-- TASK DATA --
———
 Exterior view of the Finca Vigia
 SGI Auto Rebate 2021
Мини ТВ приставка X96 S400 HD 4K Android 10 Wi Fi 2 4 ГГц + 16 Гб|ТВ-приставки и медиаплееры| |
———
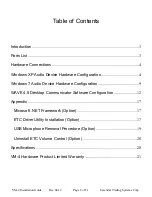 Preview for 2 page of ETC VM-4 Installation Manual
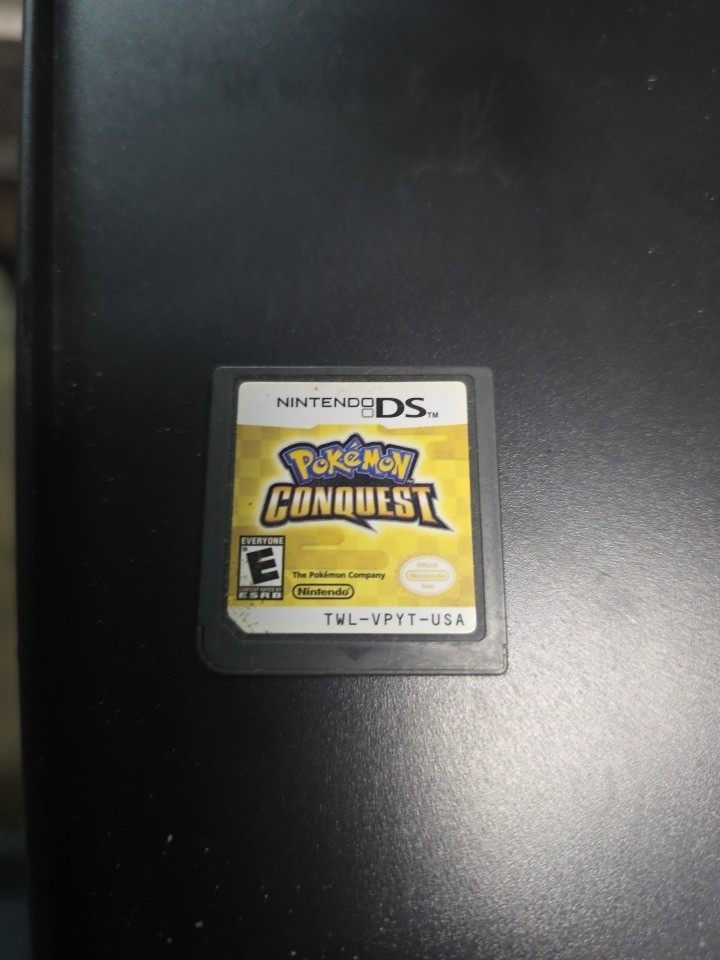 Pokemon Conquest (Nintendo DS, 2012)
———
-- TASK REQUIREMENTS --
Would you quote everything above from the line containing "Exterior view of the Finca Vigia" down to the line containing "Мини ТВ приставка"? Include both of those lines and nothing else.

-- TASK ANSWER --
 Exterior view of the Finca Vigia
 SGI Auto Rebate 2021
Мини ТВ приставка X96 S400 HD 4K Android 10 Wi Fi 2 4 ГГц + 16 Гб|ТВ-приставки и медиаплееры| |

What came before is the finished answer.